May 4, 2017 - “The world as I know it will never be the same!”

This was the thought running through my head as I wrapped up the last section of the mechanical aptitude test, so sure of myself that I had passed. I had grown tired of sorting boards, flipping cants, operating tilt gates, and had decided that I would sign the next apprenticeship posting when it became available. I was about 22 years old, had done various jobs on the mill production floor and knew I needed a change. As a high school dropout, I didn’t have a lot of options in front of me either.

May 4, 2017  By Josh Penner

Thankfully I passed the test and got started in the filing room about two weeks later. Up until this point I had never really set foot in a saw shop, my only real experience was calling for a saw change when I jammed too many boards in my edger, or noticed a lot of marks on the sides of the cant whilst band tailing. I also had noted that they seemed to not have many duties outside, which was a big positive because in this area stretches of -40 C during the winter are not uncommon.

My first two or three months were spent in the guide room, where I sharpened knives for the canters and edgers, milled guides and scurried downstairs when a saw change was called. I soon found that if I completed my tasks quickly enough, I was able to get some training fitting band saws (where I passed the mustard test by swaging and shaping by myself without stopping for the entire saw). After gaining the confidence of the older filers, I was able to get training on benching circular saws. I did this combination of round saws and guides for the next year or so, before moving to band saws. With the guidance of the senior filer working on night shift with me, I began to learn how to bench band saws. Within a month I had the opportunity to fill in for the benchman when he went on holidays. Within about 18 months of starting in the filing room I was blessed with the opportunity to receive training and experience and to spend time at all the various jobs.

In 2013 I able to get the position of chargehand, and working under the head filer expanded my roles into that of leadership and mentoring. At the time I was 26, so it was a huge undertaking for me, but I appreciated the opportunity given to me. I continued in this role over the next two years, during which time we received new equipment for the band saw area; a Vollmer RC-110 auto bench and two CA-210 Vollmer CNC grinders. These machines presented us with a large learning curve, but pay off was amazing.

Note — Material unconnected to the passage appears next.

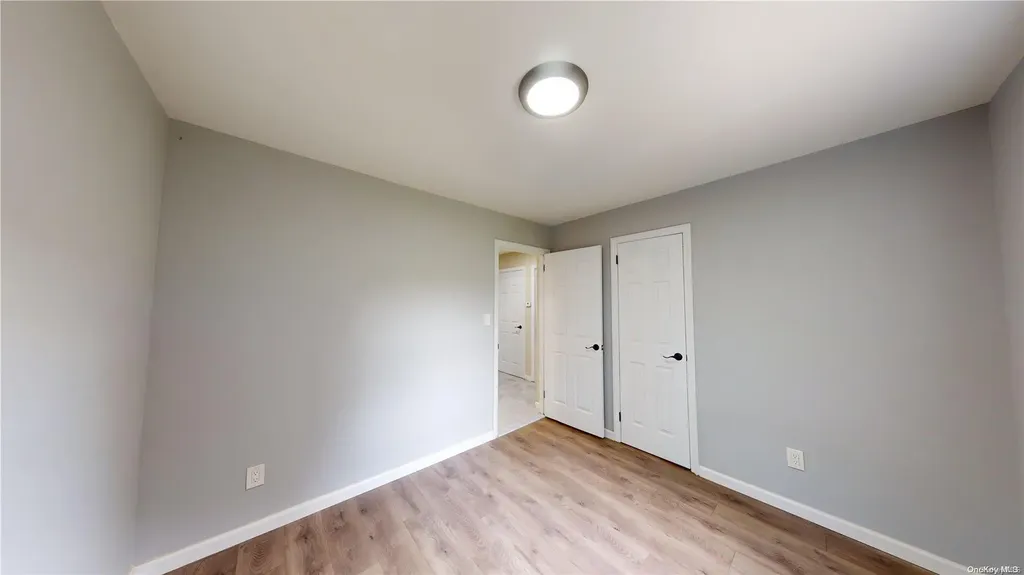 11 3rd Avenue Westbury NY 11590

It allowed us to do more tasks with the same amount of staff, produce an even better quality saw for the mill, and gave us the exposure to next-level technology that we will continue to pursue.

In 2015, I succeeded the previous head filer, and took on the role permanently. With the help of senior filers in my company, I have enjoyed my time thus far as head filer. It has allowed me the chance to travel, work with other mills, new technology, and more importantly play a role in the mentorship of the new filers coming into the trade. I look forward to many more years in the saw trade; there are always new techniques to learn and new technology to advance the filing room. Although I have not been around as long as some in this industry, if given the chance to start over I would do it again.


Josh Penner is the head filer for Chetwynd West Fraser in British Columbia and a graduate of the Thompson Rivers University saw trades program in Williams Lake, B.C.